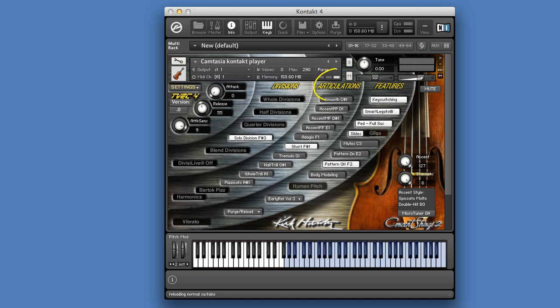Let's have a look at the articulation section. In this section you will find all the articulations that can be played on a string instrument. We can divide them into three parts.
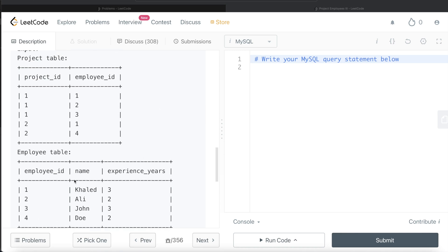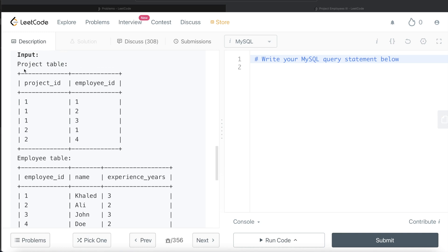Since the information is in two different tables, the first thing we should do is join the Project table and Employee table on the employee_id column. Then we need to create a new column that calculates, for each project_id, the maximum experience years. Using a Common Table Expression (CTE), we can then filter rows where experience_years equals that maximum value.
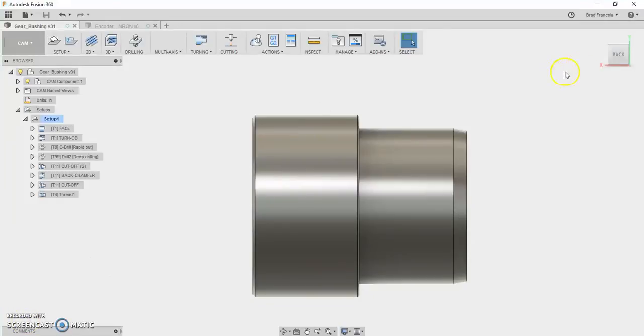Hey there everybody, this video is about a Fusion 360 post processor for the Centroid Acorn Turning CNC control software.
__________________________________________________
**TASK INSTRUCTIONS**. Could you retype exactly the lines running from the one with "Since the information" to the end of the material above, pictures omitted?

**WRITTEN REPLY**.
Since the information is in two different tables, the first thing we should do is join the Project table and Employee table on the employee_id column. Then we need to create a new column that calculates, for each project_id, the maximum experience years. Using a Common Table Expression (CTE), we can then filter rows where experience_years equals that maximum value.
Hey there everybody, this video is about a Fusion 360 post processor for the Centroid Acorn Turning CNC control software.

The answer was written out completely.